MSXML includes an XML parser, an XPath-compliant XSLT
engine, and an interface to the outside world (like MSIE). The parser
and the XSLT engine are both excellent, standards-compliant
components. It's the latter which produces the seemingly non-conformant
behavior when dealing with whitespace-only text nodes. This behavior is
controlled by a property, preserveWhiteSpace, with true or
false values. The default is false, which causes MSIE to display the
document incorrectly.
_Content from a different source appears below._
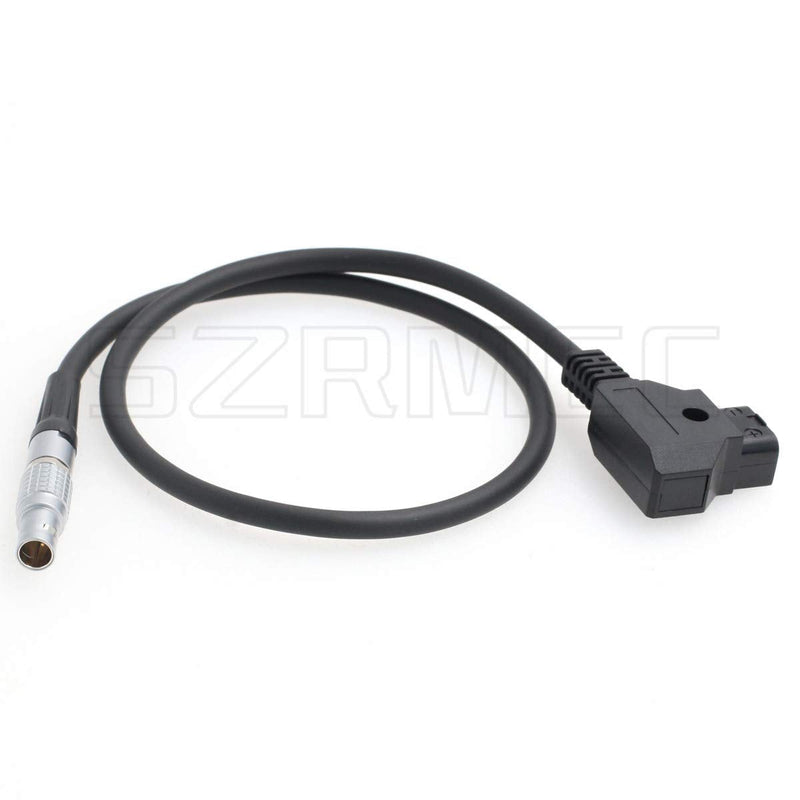 SZRMCC D tap to 0B 2 Pin Power Cable for SmallHD 503 703 Teradek Bolt 300 500 600 (Straight, 60cm) Straight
In order to change this behavior -- and make MSIE
behave "purely" -- you must use scripting to set
preserveWhiteSpace to true explicitly.
2. Keep an open mind about predicates: nested, "compound," and so on.
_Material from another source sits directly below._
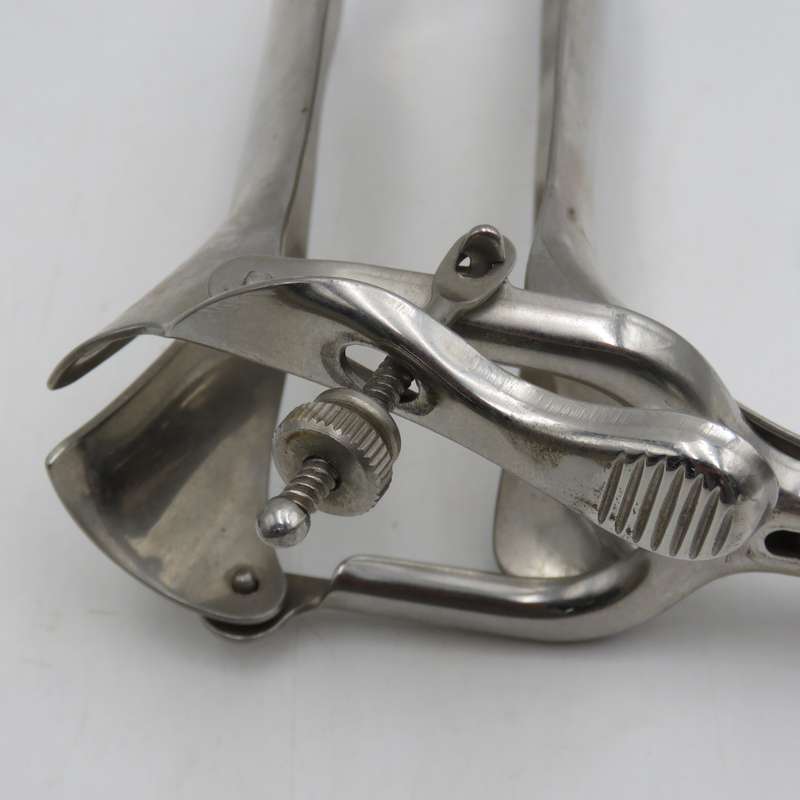 Stainless steel vintage speculum - vaginal inspection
The predicate is such a powerful, valuable piece of a location step's real estate that you may be reluctant to try anything beyond the simplest ones. Don't be. The predicate is there to enable you to grab exactly the node(s) you need from among all those candidates visible along a given axis from the context node. Why limit yourself to selecting, say, just the nth child or elements with a particular attribute? Stretch your wings by experimenting with multiple predicates in a given location step or path.
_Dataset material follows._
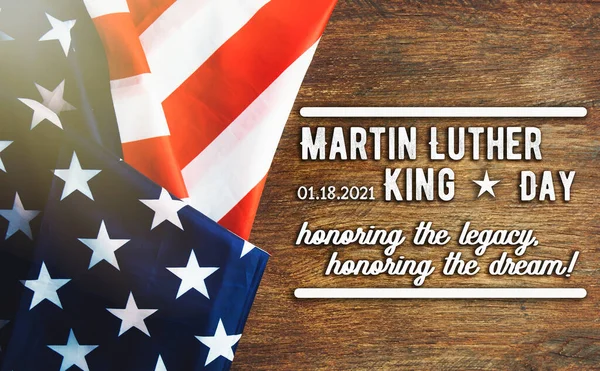 Liburan Federal Nasional Amerika Serikat Latar Belakang Martin Luther King — Stok Foto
Here's a simple XML document:
<roofers>
<roofing-material>
<manufacturer>Salitieri</manufacturer>
<type>thatch</type>
</roofing-material>
<roofing-material>
<manufacturer>Nash</manufacturer>
<type>shingles</type>
</roofing-material>
<roofing-material>
<manufacturer>DeBrutus</manufacturer>
<type>fiberglass</type>
</roofing-material>
<roofing-material>
<manufacturer>Short</manufacturer>
<type>shingles</type>
</roofing-material>
</roofers>
Suppose you want to locate a nodeset consisting of any roofing-material
element whose type is "shingles", but only if the
manufacturer is "Nash". Either of the following approaches
works (pay special attention to the predicates):
//roofing-material[type="shingles"][manufacturer="Nash"]
//roofing-material[type="shingles" and manufacturer="Nash"]
//roofing-material[type[preceding-sibling::manufacturer="Nash"]="shingles"]
While the results of these three approaches are identical for this document, in other documents they might be quite different. And all three -- including that weird-looking "nested predicate" in the third example -- are perfectly legal XPath 1.0.
Beware of one trap when using the approach employed in the first of the three preceding location paths -- I think of it as a "stacked" predicate. The order in which predicates appear on the stack can affect the final result. Each succeeding predicate is evaluated in terms of the narrowed context provided by the preceding one(s), and not just in terms of the general context in which a single predicate would be evaluated. Here's a sample document to illustrate this point.
<tosses>
<toss result="heads"/>
<toss result="heads"/>
<toss result="tails"/>
<toss result="heads"/>
</tosses>
Now consider the following two location paths into this document, each using a stacked predicate:
(//toss)[@result="heads"][3]
(//toss)[3][@result="heads"]
See the difference? The first path locates (a) all toss elements
whose result attribute equals "heads", and then (b) the
third one of those toss elements. Therefore, it selects the
fourth toss element in the document.
The second path selects the third toss
element, and then the stacked predicate applies a further screen,
selecting the third toss element only if its
result attribute has a value of "heads". Because the third
toss element's result attribute is "tails",
therefore, this location path returns an empty node-set.